Hülya Avşar’ın ifade özgürlüğü ile her hangi bir ilgisi var mıdır bu ifadelerin? Yok. Ve lakin ve maatteessüf bir köşesi olmadığı için, değerli fikirlerini ancak Hülya Avşar gibi bir ünlüyü dava edip “gerekçeli karar” adı altında kamuoyu ile paylaşabiliyor demek ki. Kendisini bu meşakkatli yoldan bir an evvel kurtarmalı bir gazete yönetimi. Daha kolay ve acısız yöntemler de var insanın kendisini ifade etmesi için... Ancak şiddetle merak ettiğim şudur: İdeolojisini işine bu kadar karıştıran kişilerin savcılık yapması uygun mudur?

Türklerin tarihte utanacak hiçbir şey yapmadıkları iddiasıyla hareket eden bir savcının yargıya sağlıklı bir katkısı olabilir mi? Savcıların, insanları davalar (ve başlarına her tür çorabı örerken) biraz daha a-ideolojik, a-politik olmalarını beklemek çok mu fantastik bir beklenti olur? Kanunla mı yargılanıyoruz savcıların kendi şahsi düşünceleriyle mi?

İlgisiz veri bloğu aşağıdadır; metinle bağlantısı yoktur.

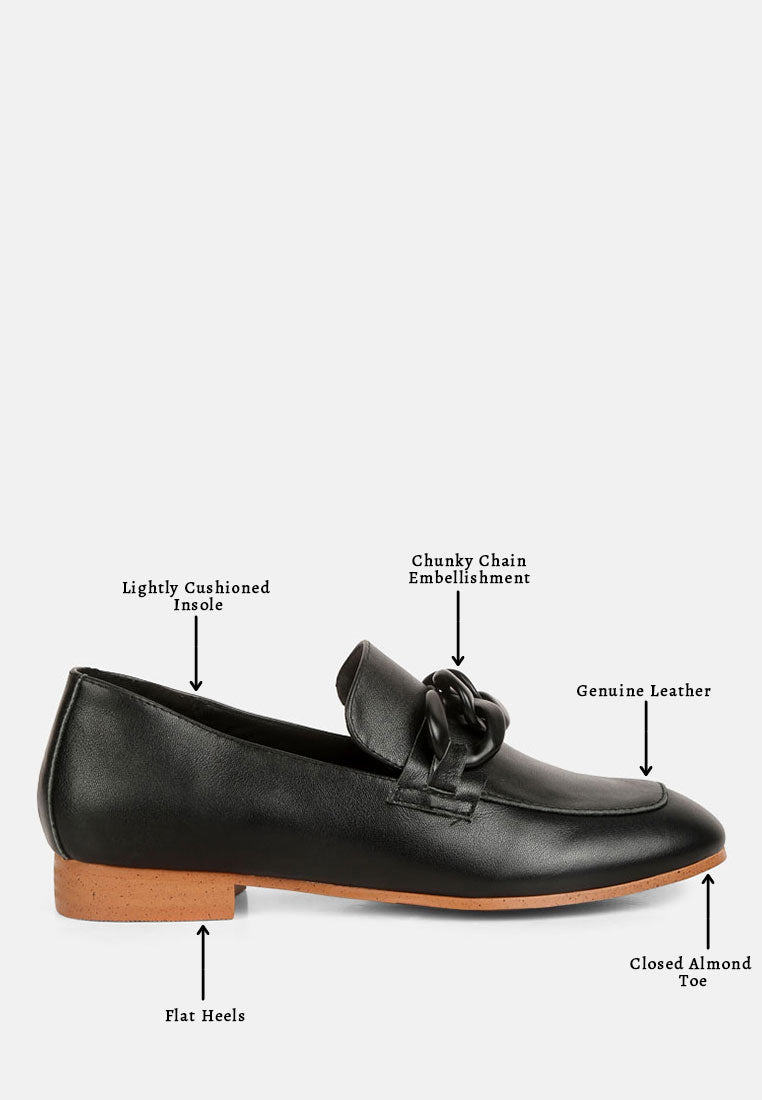 Merva Chunky Chain Leather Loafers - Tigbul's Variety Fashion Shop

Bizler aslında kanuna aykırı gelmekten değil de tanımadığımız bir savcıya “aykırı” gelmekten mi davalanıp duruyoruz yoksa? “Halkı kin ve nefrete sevk etmek” dedikleri esasen “BENİ kin ve nefrete (ve mide spazmlarına)” sevk etmek olabilir mi? “Halk” dedikleri “kendileri” midir? Onların sözlüğünde “Halk: Ben” midir?

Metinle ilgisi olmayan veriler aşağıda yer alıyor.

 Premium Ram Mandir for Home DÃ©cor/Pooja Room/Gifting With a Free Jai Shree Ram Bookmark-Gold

Hani Aylin davasından da anladık ki “sağlam delil” aranmıyor tamam ama bir de savcıların tarih ve siyaset hakkında fikirlerini mi yoklamamız ve bilmemiz gerekiyor? Kanun, bu ülkede bir müzik aleti midir sadece? Yargı sistemi esasen savcı bey ve hanımların şahsi fikir arenası mıdır? Bilelim diye soruyorum... Değilmiş taklidi yapılıp tufaya gelmekten sıkıldım artık. Bu seferlik Hülya Hanımı lütfedip affetmiş ama mesela ben muhtemelen affetmeyecektir diye düşünüyorum. Devam etmekte olan birkaç davama bir adet de o eklesin, canı sağ olsun da en az “yandaş” veya “dinci” veya başka adlarla savcılar kadar ürkütücü değil midir bu? “Müslümanlar tarihte utanılacak hiçbir şey yapmadı” veya “Her türlü eziyete katlanmış olduğu halde emperyalizmin önünde baş eğmeyen Müslümanlar, yine onuru ile ekonomik kırılganlık, umutsuzluk, çaresizlik ve müminlerin birbirine yabancılığıyla işletilmek istenen bu sürecin önünde mücadele etmelidir..” denmesi hem de bir “gerekçeli karar” da nasıl olurdu?